Todesnacht von Stammheim: War es wirklich Selbstmord? Neue Untersuchung wird beantragt. Gespräch mit Helge Lehmann

Peter Wolter
Helge Lehmann ist IT-Spezialist und Verfasser des Buches »Die Todesnacht von Stammheim«

Sie wollen gemeinsam mit Gottfried Ensslin beantragen, die Umstände des Todes von dessen Schwester Gudrun, von Andreas Baader und von Jan Carl Raspe in der JVA Stammheim gerichtlich neu zu untersuchen. Warum – gibt es neue Beweise, die die offizielle Selbstmord-Version in Frage stellen?

Wir wollen diesen Antrag am 18. Oktober einreichen, das ist der 35. Jahrestag der Todesnacht – wahrscheinlich bei der Justiz in Stuttgart.

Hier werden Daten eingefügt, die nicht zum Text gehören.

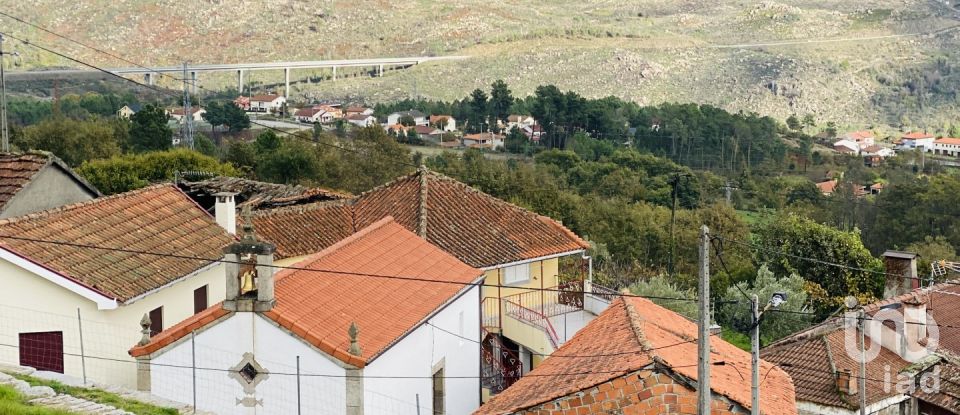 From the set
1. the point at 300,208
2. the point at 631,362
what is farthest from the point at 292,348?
the point at 300,208

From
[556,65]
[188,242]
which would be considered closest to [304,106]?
[556,65]

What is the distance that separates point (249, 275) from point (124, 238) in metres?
4.07

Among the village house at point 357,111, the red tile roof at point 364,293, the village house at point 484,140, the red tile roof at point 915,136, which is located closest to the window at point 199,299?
the red tile roof at point 364,293

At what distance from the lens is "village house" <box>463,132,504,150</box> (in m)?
94.0

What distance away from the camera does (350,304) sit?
17.2m

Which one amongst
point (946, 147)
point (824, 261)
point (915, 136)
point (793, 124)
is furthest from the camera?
point (793, 124)

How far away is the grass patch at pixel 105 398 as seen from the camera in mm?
12938

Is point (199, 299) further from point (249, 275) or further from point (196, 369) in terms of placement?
point (249, 275)

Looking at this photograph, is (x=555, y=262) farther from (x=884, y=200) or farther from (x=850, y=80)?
(x=850, y=80)

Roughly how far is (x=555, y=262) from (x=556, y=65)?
107965mm

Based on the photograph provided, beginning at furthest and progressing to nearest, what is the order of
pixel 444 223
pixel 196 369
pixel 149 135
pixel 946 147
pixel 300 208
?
1. pixel 946 147
2. pixel 149 135
3. pixel 300 208
4. pixel 444 223
5. pixel 196 369

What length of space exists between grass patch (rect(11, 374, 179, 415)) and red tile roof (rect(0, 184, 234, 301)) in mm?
3183

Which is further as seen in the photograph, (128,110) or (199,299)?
(128,110)

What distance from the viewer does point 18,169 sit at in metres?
19.7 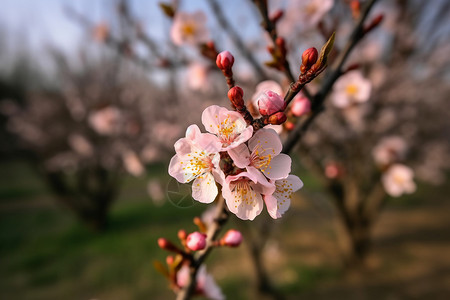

Mit den Todesumständen haben sich bekanntlicherweise schon viele Autoren befaßt, so mancher von ihnen hat schon kurz nach den Ereignissen erhebliche Zweifel an der von Polizei und Justiz verbreiteten Selbstmordversion geäußert. Darauf aufbauend habe ich selbst recherchiert, diverse Versuche unternommen und das mittlerweile in zweiter Auflage erschienene Buch »Die Todesnacht von Stammheim« geschrieben.

Die Fakten lassen nur einen Schluß z...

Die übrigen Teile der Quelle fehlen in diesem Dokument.